Un autre défi majeur pour Ergo et ses partisans fut l'absence d'exemples concrets de sociétés libertariennes fonctionnant pleinement selon leurs principes. Wright et son équipe admettaient qu'il n'existe pas encore de modèle réel et réussi d'une société entièrement libertarienne. L'une des rares tentatives documentées a eu lieu avec la République de Minerva, lorsqu'un groupe de libertariens, sous le leadership financier de Michael Oliver, a tenté de créer une nation sur un récif corallien dans le Pacifique. Leur espoir était de remplir suffisamment de terre pour établir une île-nation où le libertarianisme pourrait prospérer sans interférence extérieure. Cependant, cette tentative a été rapidement anéantie par l'intervention militaire du Tonga qui revendiquaient déjà le territoire.

Malgré ce manque de précédents concrets, Wright se référait souvent aux principes libéraux des Pères Fondateurs américains comme une inspiration. Il soutenait que de nombreux aspects du gouvernement américain originel reflétaient des idées libérales, comme la méfiance envers le pouvoir centralisé et l'accent mis sur les droits individuels. Bien que ces références historiques ne soient pas des exemples parfaits d'une société libertarienne pure, elles fournissaient un cadre théorique et philosophique sur lequel les partisans d'Ergo pouvaient s'appuyer.

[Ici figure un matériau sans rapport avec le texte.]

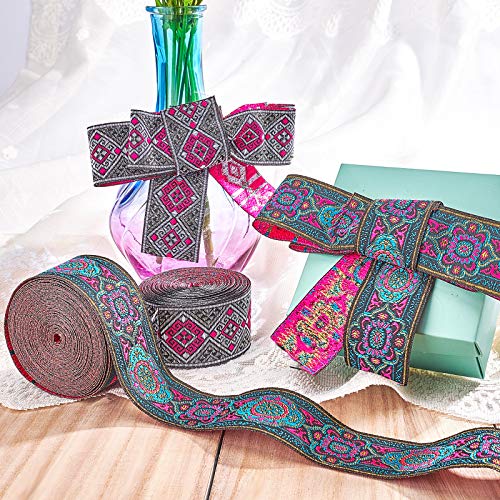 Pandahall 7m Vintage Jacquardband 33cm Bordüre Stoff Emobridered Woven Ribbon Fabric Trim Fringe Stoffband Paspelband Zum Nähen für Diy Kleidung Accessoires Verzierungen Dekorationen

  • . Le Défi de l'Application Pratique

La tension entre pragmatisme et idéalisme fut une ligne de faille constante dans les débats internes et les positions éditoriales d'Ergo. Le journal dût naviguer entre la promotion de ses idéaux sans compromis et la nécessité de s'engager dans la réalité politique pour avoir un impact tangible. Cette dualité fut un reflet des défis plus larges auxquels sont confrontés les mouvements idéologiques lorsqu'ils tentent de transformer des théories philosophiques en pratiques viables et efficaces.

En fin de compte, Ergo a cherché à être à la fois une plateforme de réflexion intellectuelle et un acteur pragmatique du changement. Ses compromis politiques, tout en étant critiqués par certains puristes, montrent une volonté de jouer un rôle dans le monde réel, de manière à influencer et à préparer le terrain pour une adoption plus large des principes libéraux et libertariens. Par ailleurs, en soulignant les tentatives passées et les inspirations historiques, le journal a continué d'encourager une réflexion profonde sur la manière dont une société libertarienne pourrait un jour se concrétiser.